When asked on Sky’s Sophy Ridge On Sunday why Mr Johnson was still insisting on Wednesday that it would be ‘inhuman’ to cancel Christmas, she said: ‘We did not have the modelling evidence to show that the transmissibility was increased or that the R value was increased on Wednesday.’
The Government’s chief scientific adviser Sir Patrick Vallance warned on Saturday that the new variant was becoming the dominant strain, with a rapid rise in cases in recent days.
But Dr Hopkins said there was no evidence that the new variant of coronavirus was causing a disproportionate number of hospital admissions.
She said: ‘We have got no signals, so the first signals we would expect to see is in the South East where this has definitely increased over weeks now.
‘But what we know is the more cases we have in the community with this virus the more cases we are seeing in hospital.
‘But we are not seeing a disproportionate number of people being admitted to hospital over the last two weeks and we are not seeing any increases in mortality yet.’
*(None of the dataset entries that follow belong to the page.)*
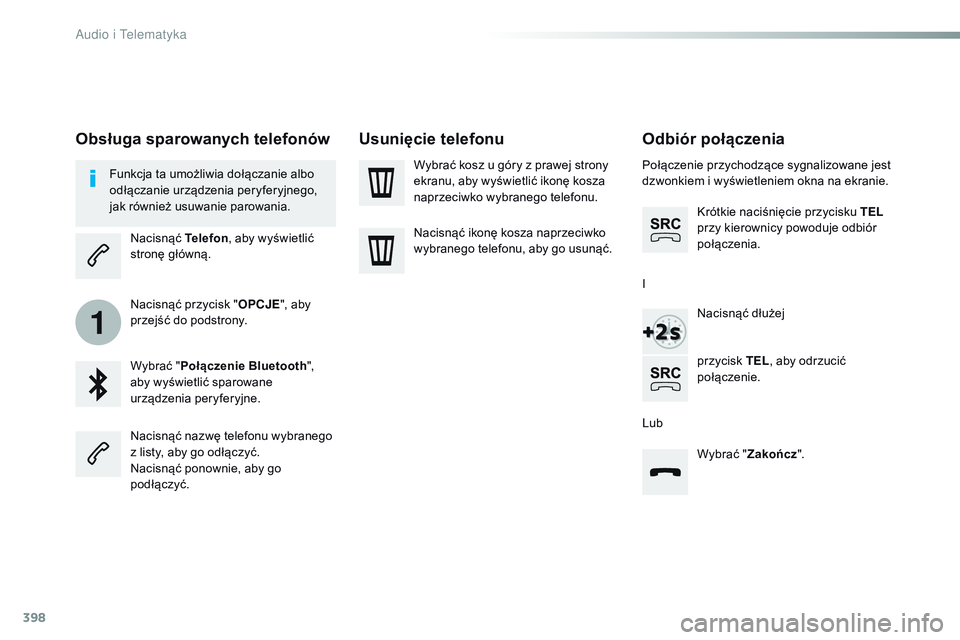 CITROEN JUMPER SPACETOURER 2017 Instrukcja obsługi (in Polish) 398
1
Spacetourer-VP_pl_Chap10b_NAC-1_ed01-2016
Odbiór połączenia
Połączenie przychodzące sygnalizowane jest
dzwonkiem i wyświetleniem okna na ekranie.Krótkie naciśnięcie przycisku TEL
pr CITROEN JUMPER SPACETOURER 2017 Instrukcja obsługi (in Polish) 398
1
Spacetourer-VP_pl_Chap10b_NAC-1_ed01-2016
Odbiór połączenia
Połączenie przychodzące sygnalizowane jest
dzwonkiem i wyświetleniem okna na ekranie.Krótkie naciśnięcie przycisku TEL
pr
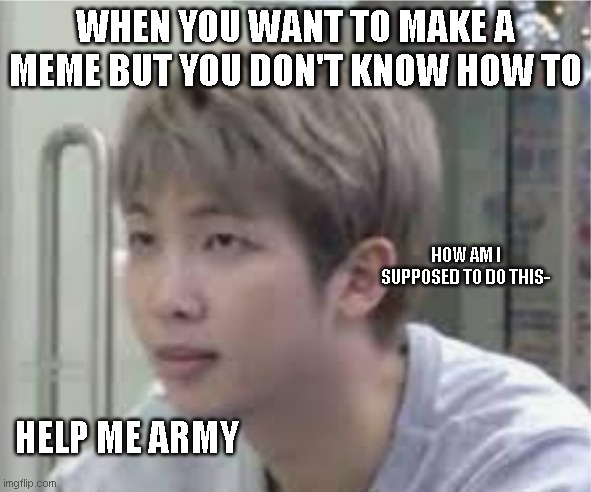 BTS meme | WHEN YOU WANT TO MAKE A MEME BUT YOU DON'T KNOW HOW TO; HOW AM I SUPPOSED TO DO THIS-; HELP ME ARMY | image tagged in memes | made w/ Imgflip meme maker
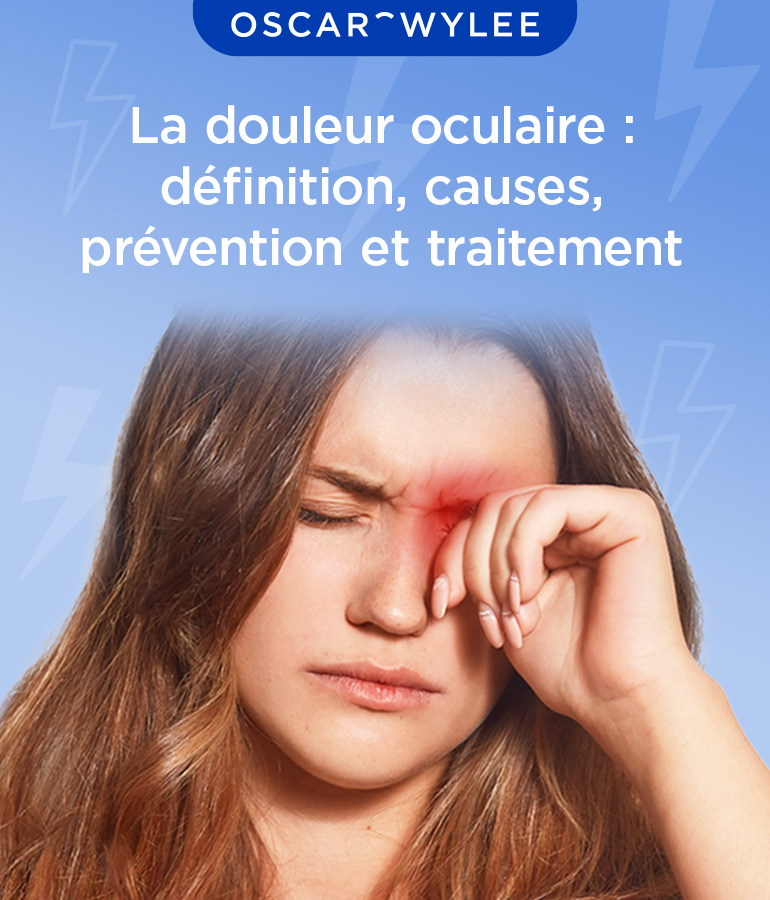 La douleur oculaire : définition, causes, prévention et traitement
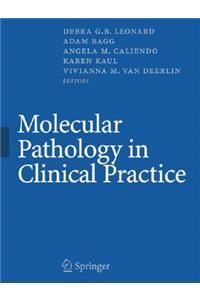 Molecular Pathology in Clinical Practice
Dr Hopkins said there was evidence that there was evidence of people with the new variant having higher viral loads of the virus.
But she said a higher viral load did not mean people were going to get more ill, adding: ‘The illness comes from the immune response and how it reacts in your lungs – that’s where we know the illness really starts to be driven from and why people need oxygen.
‘The higher amount of the virus means that people are likely to be more infectious than they would otherwise be and this means we need to reiterate the social distancing measures.’
Chief adviser to the MoD, Professor Angela McLean, said: ‘The things Porton Down can do are the best in the world.’